Service Overview
Technical direction is the practice of shaping how a problem is approached before any system is designed or built. It focuses on framing the problem correctly, identifying meaningful constraints, and determining what kind of technical solution—if any—is appropriate.
This work operates upstream of systems architecture and software development. Rather than starting with implementation, I evaluate goals, risks, scale, and long-term implications to establish a clear and realistic technical path forward.
Problem Framing and Judgment
Many technical failures begin with poorly framed problems. A central part of technical direction is deciding what problem is actually being solved, and which problems should be explicitly left unsolved. This judgment often reduces scope and complexity before any code is written.

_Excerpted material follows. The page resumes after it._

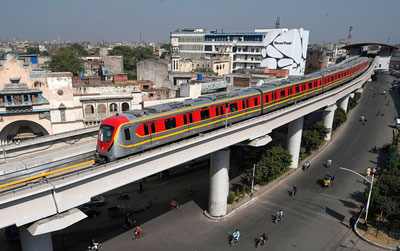 Image of 'China Reassesses Its Role in Pakistan’s Infrastructure Projects'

Choosing the Right Level of Software
Not every challenge requires a large system or custom platform. Technical direction includes determining the appropriate level of software intervention—from simple scripts or tools to more structured systems—and avoiding overbuilding.
Sequencing and Strategy
When software is required, I focus on sequencing: what should be built first, what can wait, and what may never be needed. This approach reduces risk and allows systems to grow deliberately rather than reactively.
From Direction to Architecture
Technical direction establishes the conditions under which systems architecture and implementation can succeed. By resolving ambiguity early, it enables architectural decisions to be made with confidence and coherence rather than guesswork.